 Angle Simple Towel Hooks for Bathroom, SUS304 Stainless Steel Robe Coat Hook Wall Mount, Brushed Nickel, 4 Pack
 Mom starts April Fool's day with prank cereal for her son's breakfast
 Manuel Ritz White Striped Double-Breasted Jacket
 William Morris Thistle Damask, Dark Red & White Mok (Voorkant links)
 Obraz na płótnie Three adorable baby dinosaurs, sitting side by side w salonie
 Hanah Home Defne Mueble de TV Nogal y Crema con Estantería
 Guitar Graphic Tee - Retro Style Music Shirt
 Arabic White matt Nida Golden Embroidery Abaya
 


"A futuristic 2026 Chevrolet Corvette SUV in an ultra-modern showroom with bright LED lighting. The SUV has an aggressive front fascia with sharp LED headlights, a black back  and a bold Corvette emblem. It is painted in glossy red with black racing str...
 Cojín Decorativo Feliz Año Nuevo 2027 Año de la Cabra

...

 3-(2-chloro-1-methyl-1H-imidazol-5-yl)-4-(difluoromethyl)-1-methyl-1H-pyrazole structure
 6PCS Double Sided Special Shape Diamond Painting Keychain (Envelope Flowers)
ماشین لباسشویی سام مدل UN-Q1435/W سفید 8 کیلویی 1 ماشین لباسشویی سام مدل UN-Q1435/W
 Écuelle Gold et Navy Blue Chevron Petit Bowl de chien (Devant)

* * *

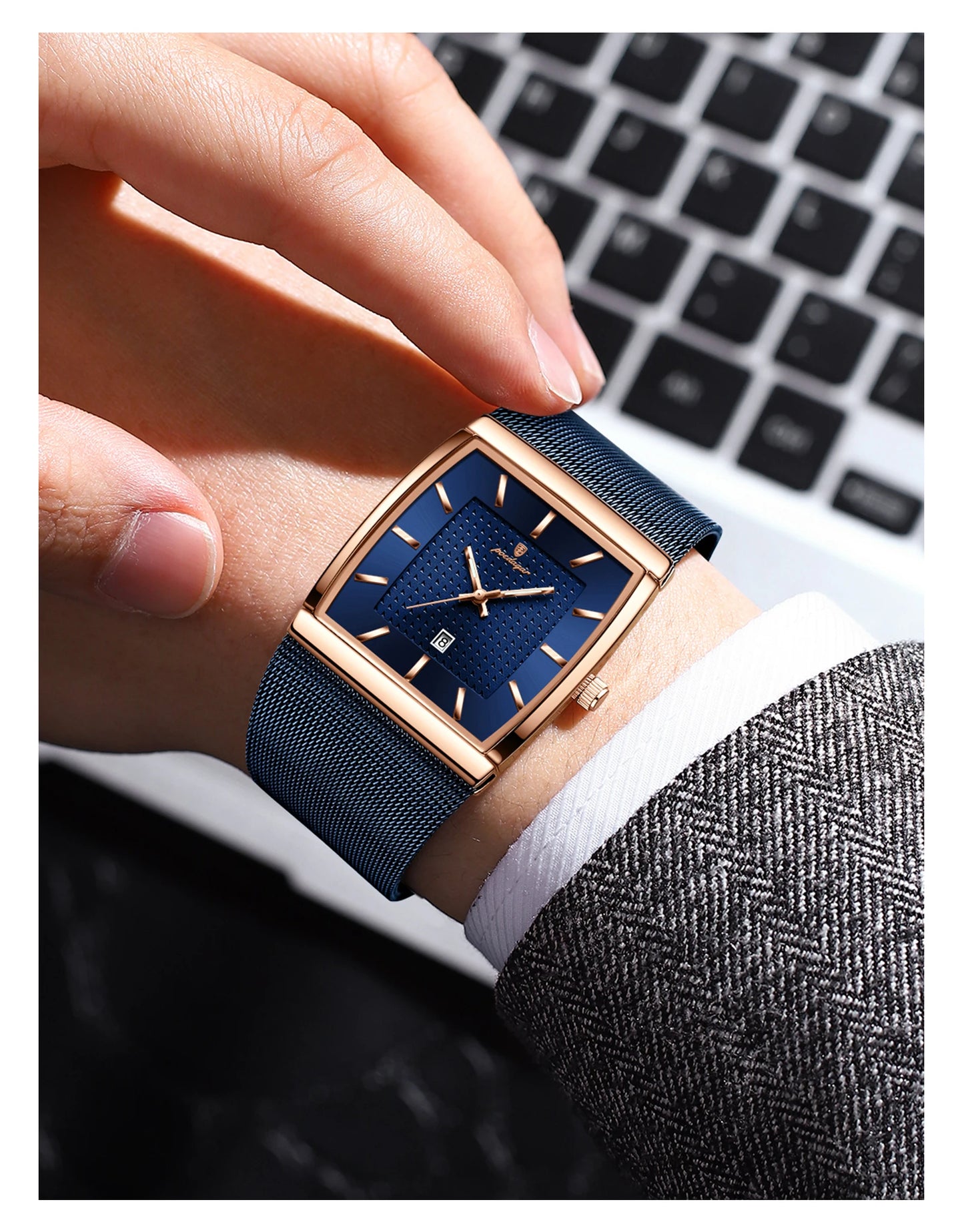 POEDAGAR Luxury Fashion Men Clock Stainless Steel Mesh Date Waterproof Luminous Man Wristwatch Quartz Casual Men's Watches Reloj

Problem description =>
Everything above from the line containing "Mom starts April" down to the line containing "Cojín Decorativo Feliz" is to be transcribed exactly, with both of those lines included and nothing else added.

Answer box =>
 Mom starts April Fool's day with prank cereal for her son's breakfast
 Manuel Ritz White Striped Double-Breasted Jacket
 William Morris Thistle Damask, Dark Red & White Mok (Voorkant links)
 Obraz na płótnie Three adorable baby dinosaurs, sitting side by side w salonie
 Hanah Home Defne Mueble de TV Nogal y Crema con Estantería
 Guitar Graphic Tee - Retro Style Music Shirt
 Arabic White matt Nida Golden Embroidery Abaya
 


"A futuristic 2026 Chevrolet Corvette SUV in an ultra-modern showroom with bright LED lighting. The SUV has an aggressive front fascia with sharp LED headlights, a black back  and a bold Corvette emblem. It is painted in glossy red with black racing str...
 Cojín Decorativo Feliz Año Nuevo 2027 Año de la Cabra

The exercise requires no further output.